Noodzaak van verdiepend inzicht

Wie te midden van alle dagelijkse hectiek, demonstraties, economische, maatschappelijke en politieke ontwikkelingen behoefte heeft aan een verdiepend inzicht, zal na lezing waarschijnlijk concluderen dat het allemaal ingewikkelder is dan oppervlakkige berichtgeving ons graag wil doen geloven, maar zeker ook dat noodzakelijke veranderingen ingrijpender zijn dan gedacht. We zijn volgens van Egmond toe aan een nieuw mensbeeld waarin uniformiteit en gemeenschappelijkheid nieuwe inhoud moeten krijgen. Dat vraagt nieuwe vormen en praktijken. We kunnen daarbij niet volstaan met oppervlakkige compromissen want die hebben juist vanwege een gebrek aan een moreel kompas de problemen veroorzaakt en houden ze ook in stand.   

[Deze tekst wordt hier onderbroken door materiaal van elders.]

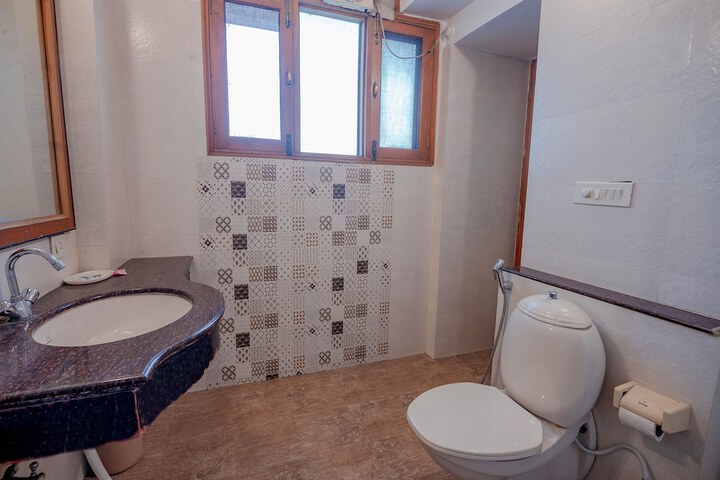 Room 13 of 22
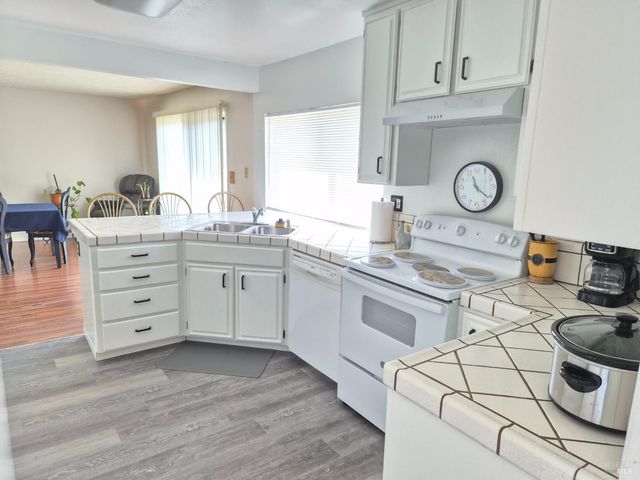 1109 Canary Dr, Suisun City, CA 94585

Een dergelijke analyse zal door politici gemakkelijk als onthutsend kunnen worden ervaren nu de dominante politieke context er een is die eerder door pragmatisme wordt gekenmerkt dan door ideologische thematiseringen. Het boek is daarom niet enkel interessant om tot duiding te komen van historische ontwikkelingen en overgangen, maar is ook buitengewoon actueel. Het noopt tot nadenken over de vraag of bijvoorbeeld de aanpak van de stikstofcrisis uitzicht biedt op duurzame veranderingen. En of een bestaand systeem van regels en toegekende rechten niet te statisch is om de noodzakelijke omslagen te maken. Of we, anders gezegd, niet te zeer zijn georganiseerd rond vraagstukken uit het verleden in plaats van rond uitdagingen voor de toekomst.

Aan de orde is dat we de moed hebben zekerheden tegen het licht houden en kritisch te bevragen. En bijvoorbeeld niet vanzelfsprekend erop vertrouwen dat wetenschappelijk onderzoek tot ware en eenduidige kennis leidt. Of nog indringender geformuleerd: dat wat we voor waarheid houden ook slechts gedefinieerde waarheid blijkt te zijn. Zo beschouwd leidt de studie van Van Egmond tot een fundamentele heroverweging op vrijwel ieder gebied. Het postmodernisme biedt daarvoor ruimte maar er is denkkracht en richting nodig om die ruimte aan te wenden ten dienste van de constructie een nieuw mensbeeld.

De veranderingen die daaruit voortvloeien vragen niet alleen moed om te beginnen maar zeker ook inspiratie en daarop gebaseerde overtuigingskracht om met tegenslagen om te gaan. Een ongebaand pad opgaan is nu eenmaal vaak tegelijkertijd  zowel boeiend als vermoeiend.